Once the UK leaves the EU, the country will gain the autonomy for streamlining approval processes for medicines, joining other countries, such as the US, Canada, Australia, Switzerland, Singapore, and Brazil, in speeding up the approval of innovative medicines, including cancer treatments.
According to GOV.UK press release, the UK will join two initiatives that will bring together some of the world’s leading regulators to allow pharmaceutical companies to submit medicines and treatments to be reviewed by several countries simultaneously, pooling resources, which will allow patients to benefit from earlier access.
Health and Social Care Secretary Matt Hancock said: “I will stop at nothing to make sure NHS patients can access life-saving treatments as quickly as possible and now we have left the EU, we have an opportunity to speed up the time it takes to get new medicines from bench to bedside.”
He added that it had become clear with the UK’s work on dexamethasone and other COVID-19 treatments, that the country leads the way with research into transformative treatments. He said he was ‘delighted’ the UK will be collaborating with global regulators to put patients first by fast-tracking cutting edge medicines.

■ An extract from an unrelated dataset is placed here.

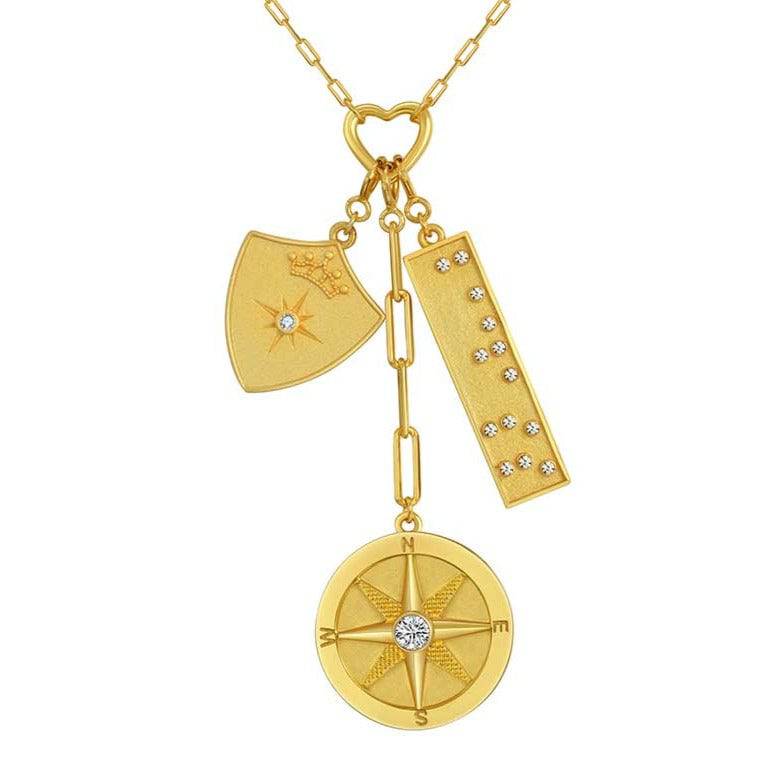 Saints and Saviors Protected Wanderer Necklace with Compass, Shield and Badass Braille Bar on Gold with Crystals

Both groups will aim to ensure that patient safety and scientific integrity is upheld to the highest possible standards while removing red tape and working together to get medicines onto the market quicker.
The two approval initiatives include:
Project Orbis is a programme coordinated by the US Food and Drug Administration (FDA) involving Canada, Australia, Switzerland, Singapore, and Brazil to review and approve promising cancer treatments.
The initiative has already given the green light to life-saving treatments for patients suffering from conditions such as breast cancer, lung cancer, liver cancer, endometrial cancer, and chronic lymphocytic leukaemia.
The Access consortium programme involves Australia, Canada, Switzerland, and Singapore in helping secure improved patient access to high-quality, safe, and effective medicines. The consortium has already approved nine innovative prescription medicines, including five new cancer treatments.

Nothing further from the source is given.